Here's my Creationist explanation about dinosaurs:
I believe God created all that is (not only listed things, but every last thing).
And that means God created physics and chemistry too. And they work great. Because they are His design, His creation. Therefore any evolution that happened (however much or little guided, with many or with few interventions) before modern humans would be God's design, if He is the Creator, as I believe.
But dangerous dinosaurs would not have been compatible with villages, woman and children, fields of crops that could be trampled or eaten, farm animals as attractive prey.
Imagine for a minute that powerful predatory dinosaurs were still around 3000 years ago, before we had modern weapons. Would spears and arrows be able to fight off a pack of Velociraptors? Or their larger cousins? Guard against a Pterodactyl snatching sheep and children? No.
God removed them. It appears very much like He removed them -- made most dinosaurs into compost very suddenly -- with a large asteroid.
One that was very literally just the right size.
Not too small -- if that asteroid had been 30% smaller, most dinosaurs would still be around during the days of the first men.
Not too large -- too many good species, necessary and helpful plants and such, would have been destroyed if the asteroid had been 50% bigger...

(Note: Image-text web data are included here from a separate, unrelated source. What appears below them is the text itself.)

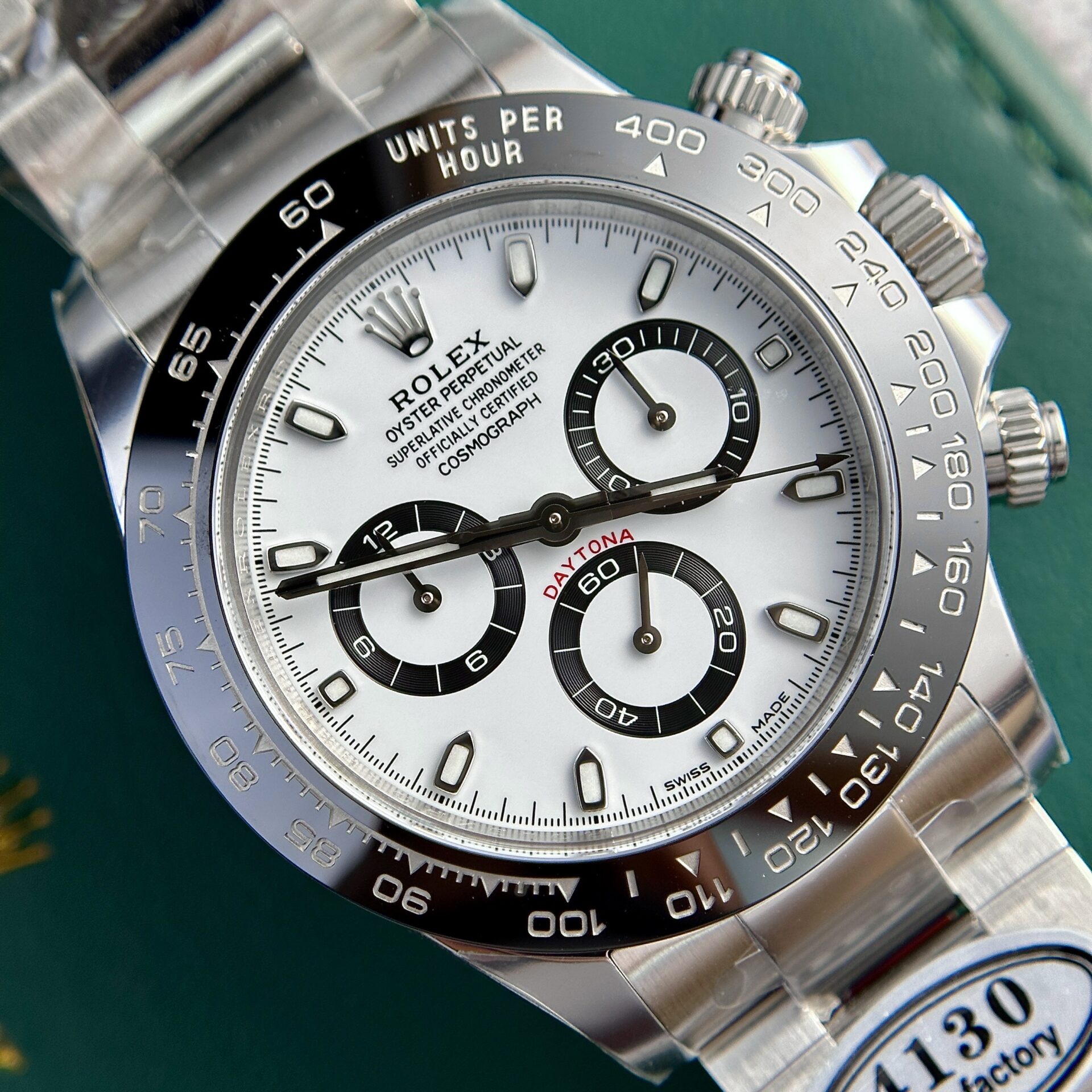 Rolex Replica 1:1 Watch Daytona 116500LN Panda White Dial Factory Clean 40mm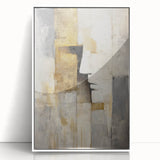 Framed acrylic artwork showcasing an abstract figurative design in a minimalist white frame, perfect for modern home decor and artistic expression.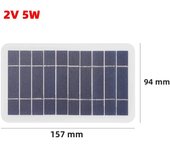 5/6V 1/1.5/2W 400mA Solar Panel Solar System for Cell Phone Battery Charger USB Output for Cell Mobile Phone Chargers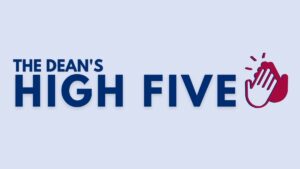 The Dean's high five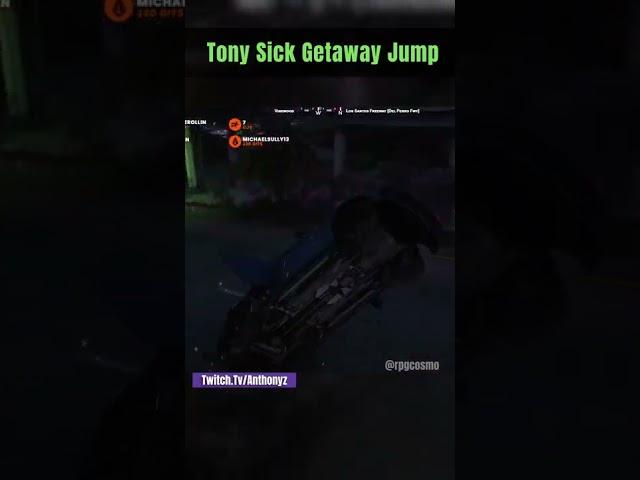 Tony SICK Getaway Jump | GTA RP NoPixel 3.0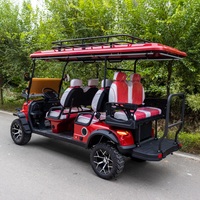 Voiturette de golf MAYTOP neuve à 6 places, à essence, importée de Chine, homologuée pour la route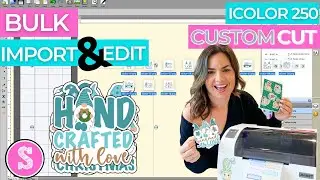 iColor 250 Sticker Printer: How to Bulk Import & Size Sticker Images in CustomCut Software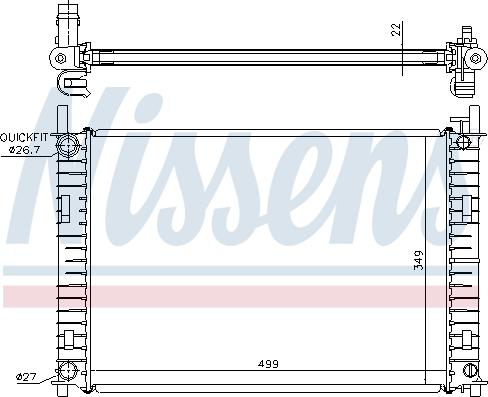 Nissens 62027A - Kylare, motorkylning xdelar.se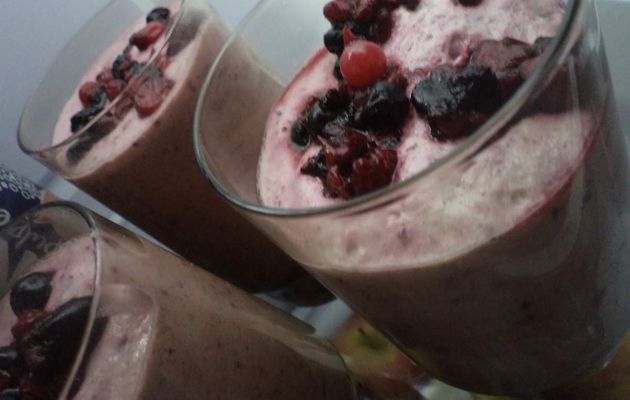 Verrines tiramisu fruits rouges 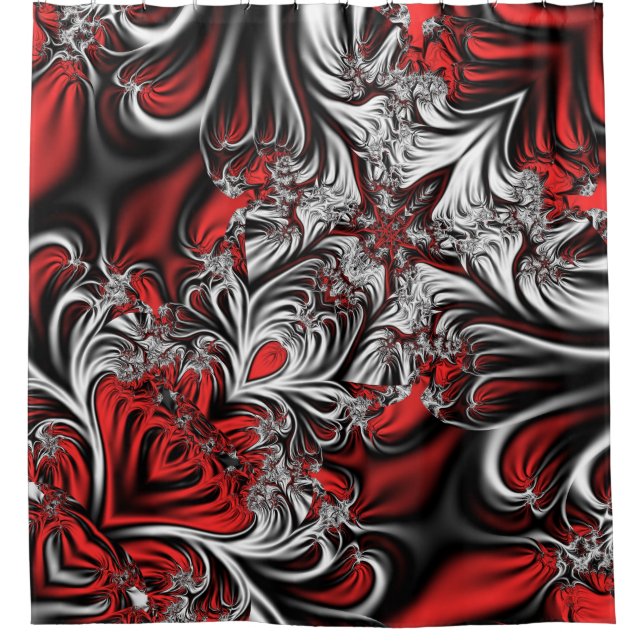 Fractal’s pattern shower curtain (Front)
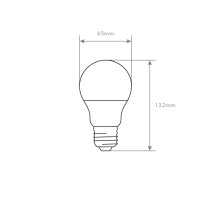 LÂMPADA A60 E27 15W 6400K LUMILIGHT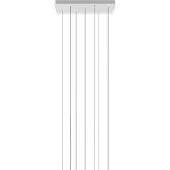 Lodes Rosace Rectangulaire pour Custers 7 lights | Matte White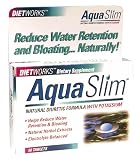 Aqua Slim Natural Diuretic Tablets, 60-Count Packages (Pack of 4)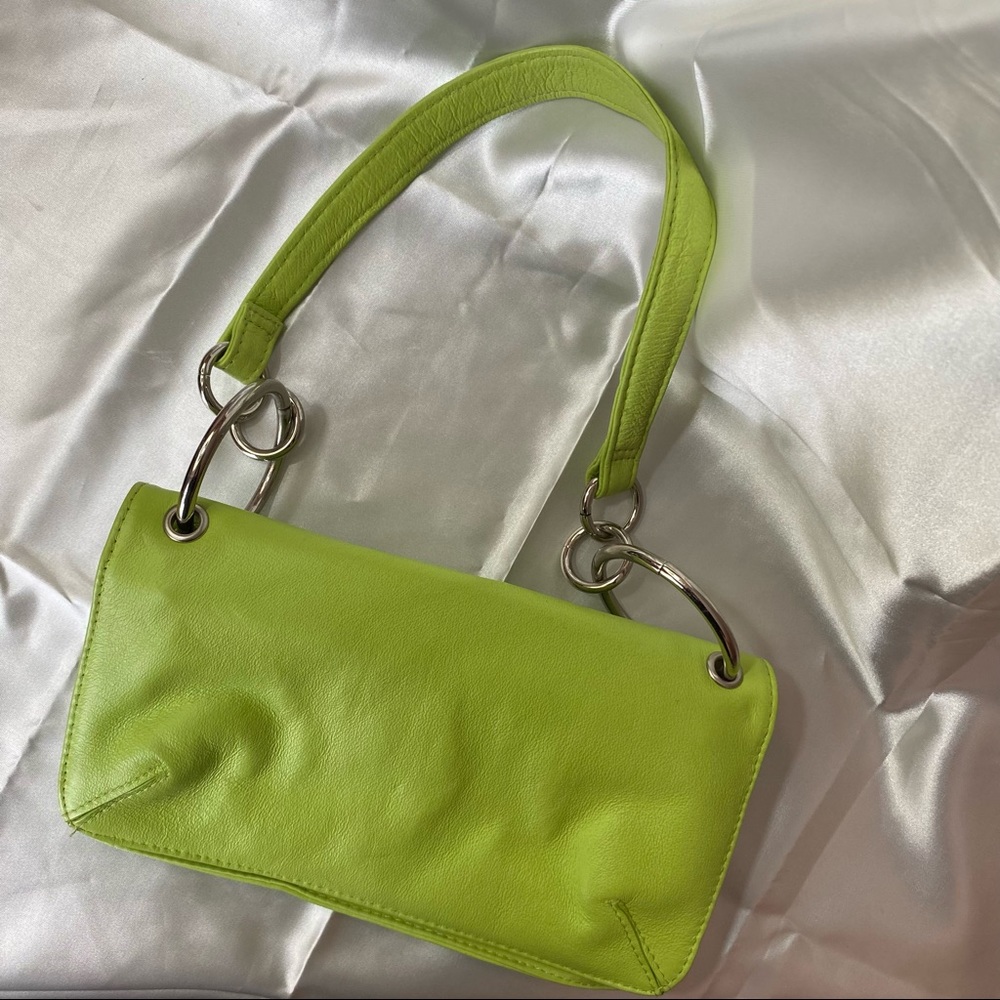 Wilson's Leather lime green mini purse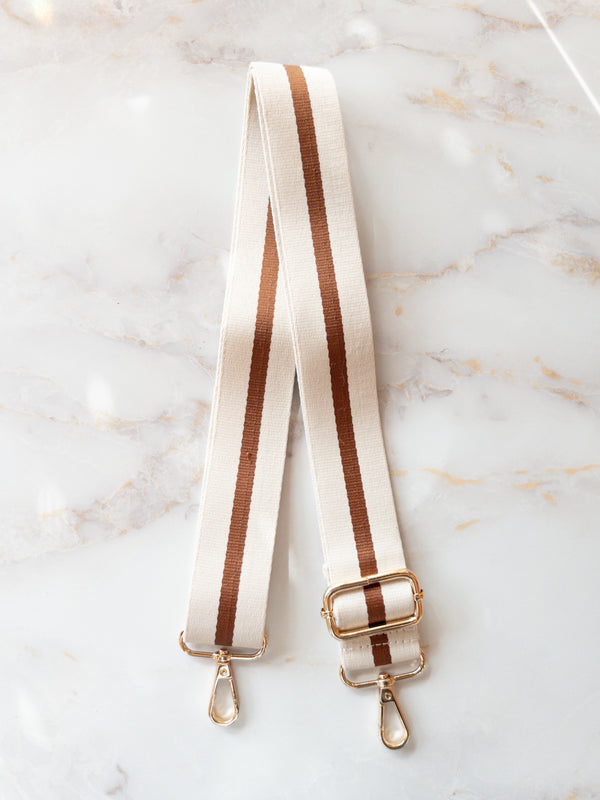 Bag Strap - Brown Stripe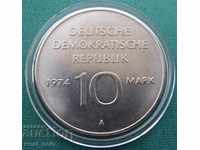 GDR 10 Mapk 1974 UNC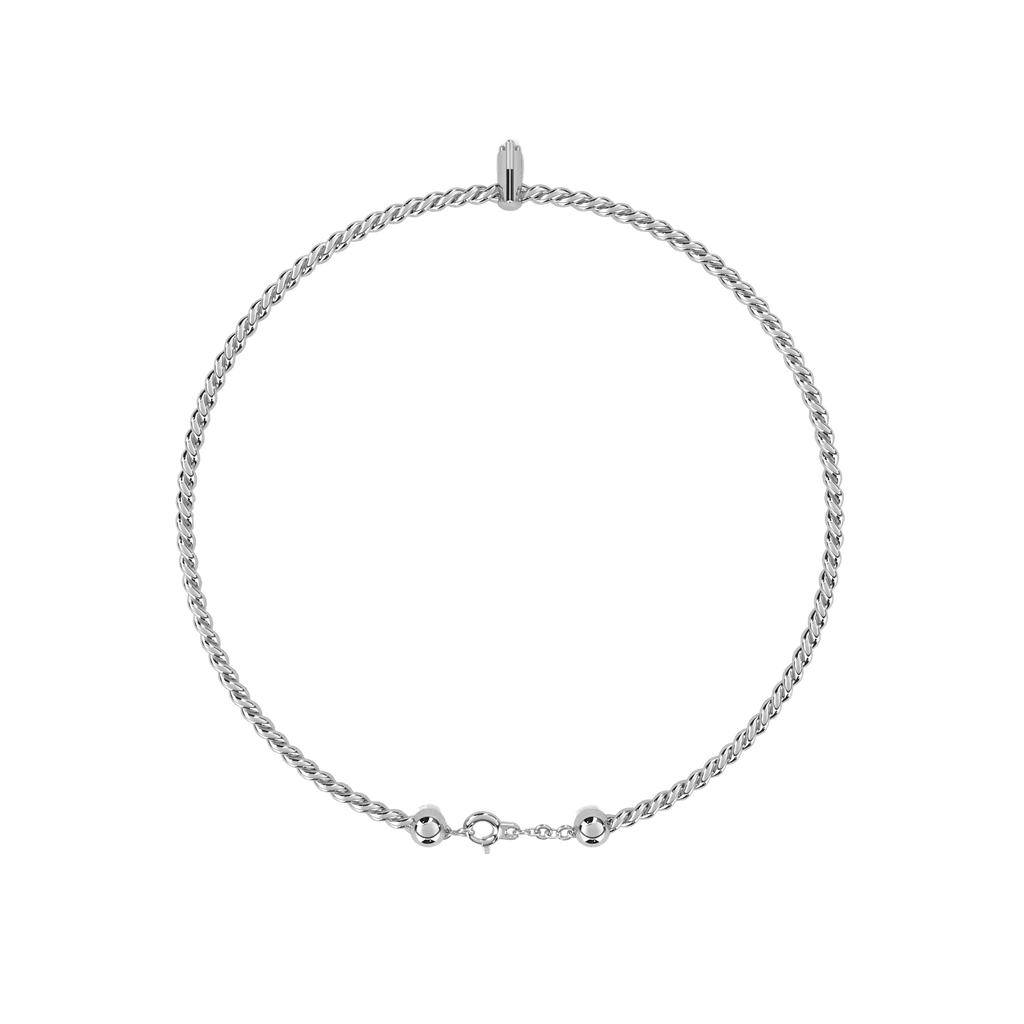 IGI Certified - 1/2 Ct. Lab Grown Diamond (VS/E-F) Twisted Rope Diamond Bangle Bracelet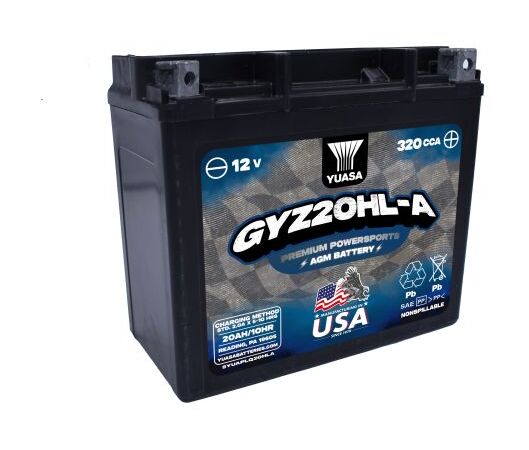 Yuasa GYZ20L 12V Onderhoud Gratis Batterij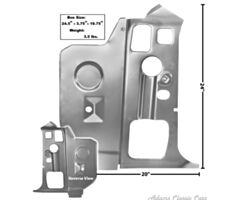 70-74 COWL SIDE PANEL RH 70-74 CHALLENGER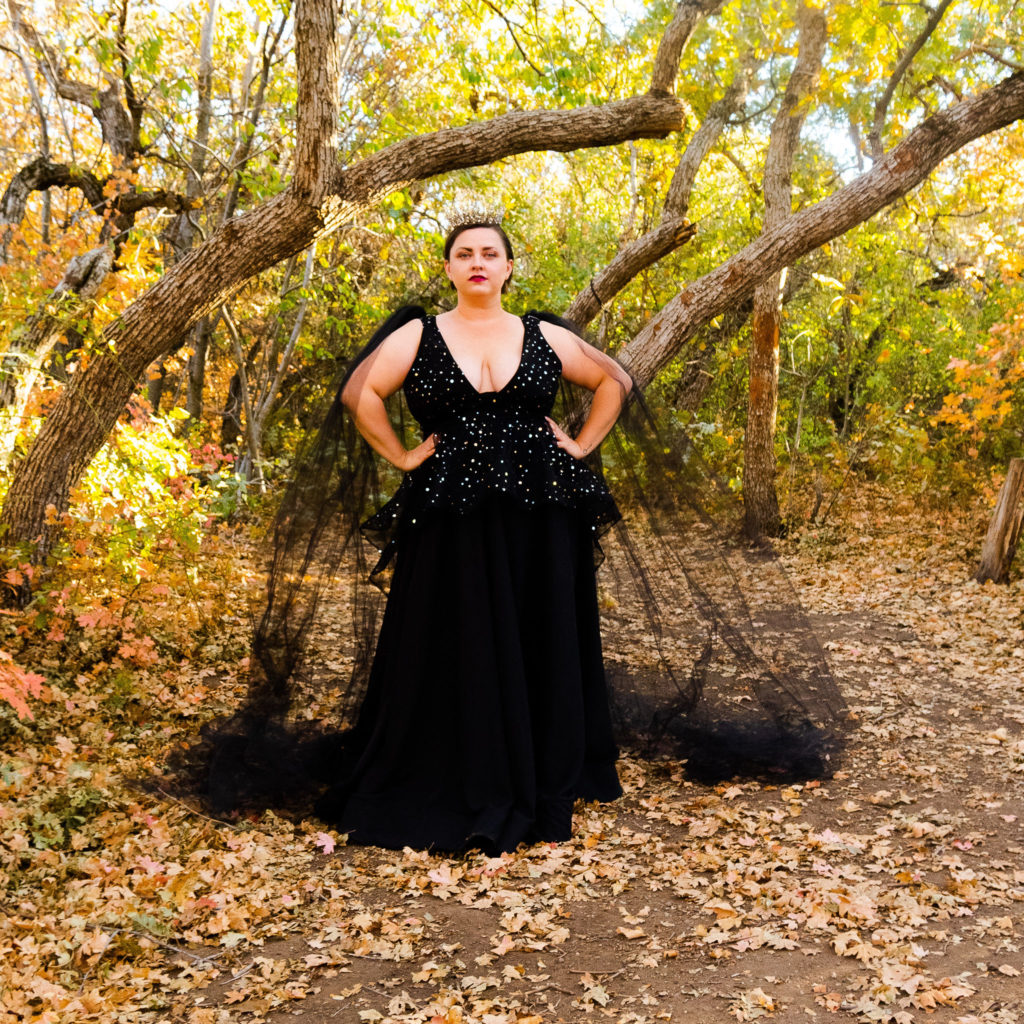 Black Plus Size Wedding Gown 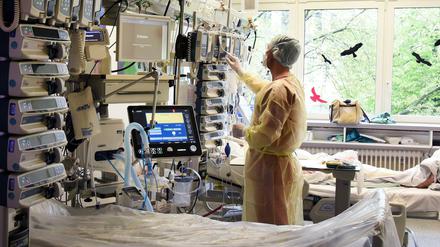 Auf zwei Intensivstationen in deutschen Kliniken wird und wurde Ivermectin verabreicht.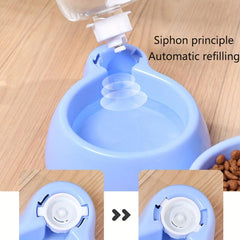 Automatic Mushroom Cat Food Feeder Water Dispenser Set
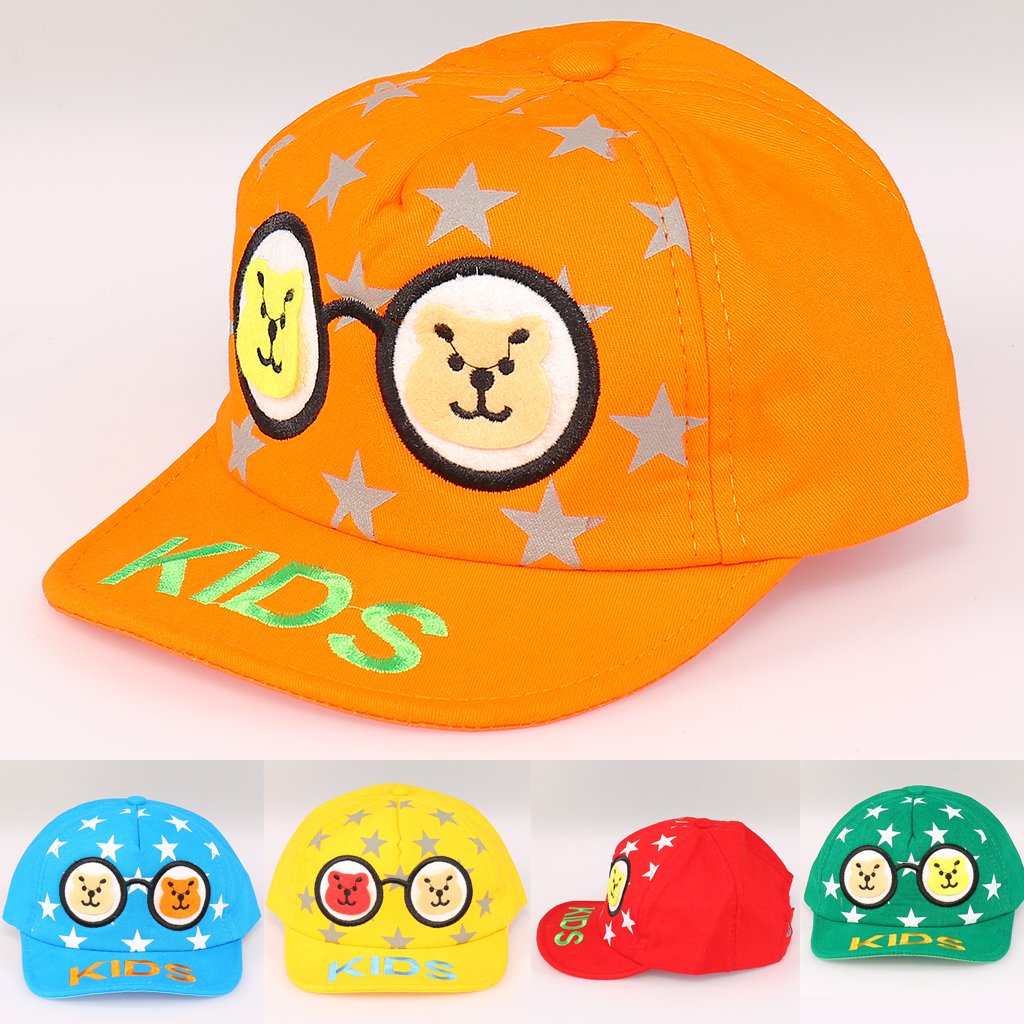 MŨ LƯỜI TRAI MỀM KÍNH CHO BÉ 6-18 THÁNG VẢI KAKI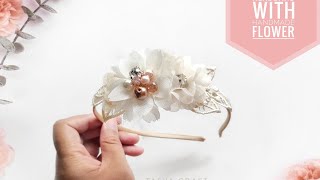 DIY Flower Headband [upl. by Eelanaj]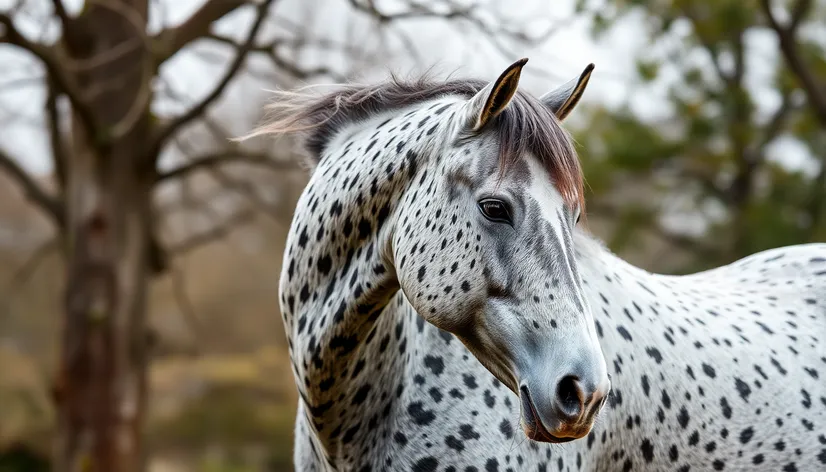 dapple gray horse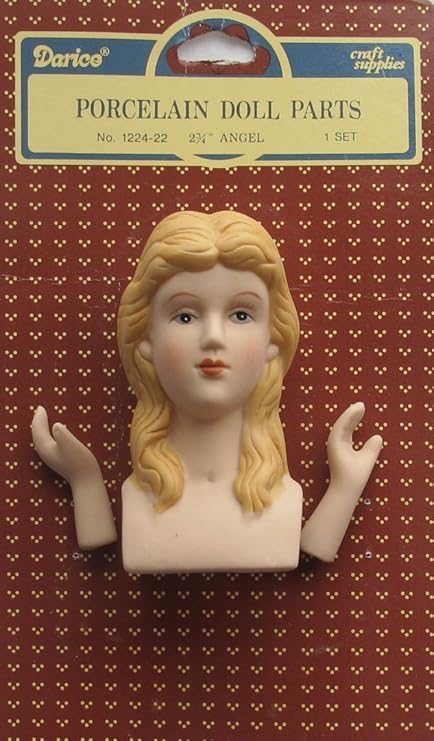 porcelain doll head and hands set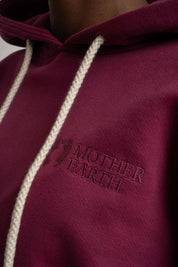 HOODIE BURGUNDY - MOHELI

No, that asteroid that hit Earth was just precisely the right size.
For our sakes.
And it looks convincingly in layers of rock that it hit about 66 million years ago. In that case, we can then see it means time passed between days of creation. So it makes sense to me that the special days Moses saw in the vision from God were each one spaced apart in time from the next.
I don't need convoluted theories to reconcile creation and science. Instead, read the scripture as it is --
and if you do, then
Scripture fits perfectly with the Earth being very old, much older than Adam by far.
We can see an old Earth even in chapter 1 with a literal reading, by realizing that of course time would have passed during verse 1, an unspecified amount of time, before verse 2.
That some unknown amount of time passed during verse 1, as God created the Universe and then Earth -- time passage during this phase -- is just what anyone might expect or think likely that did not have a previous viewpoint to defend. It's even the most straightforward reading of the text.
The scripture could have been revealed to Moses differently (but it was not)... it could have instead been different if God chose and we could imagine a whole different verse 1, not like God did tell Moses, which might read (imagined) "God created the Heavens (Universe) in an instant, like the blink of an eye" if that were the case. But it's not there, not in the text, and we have no reason to add it in or assume it.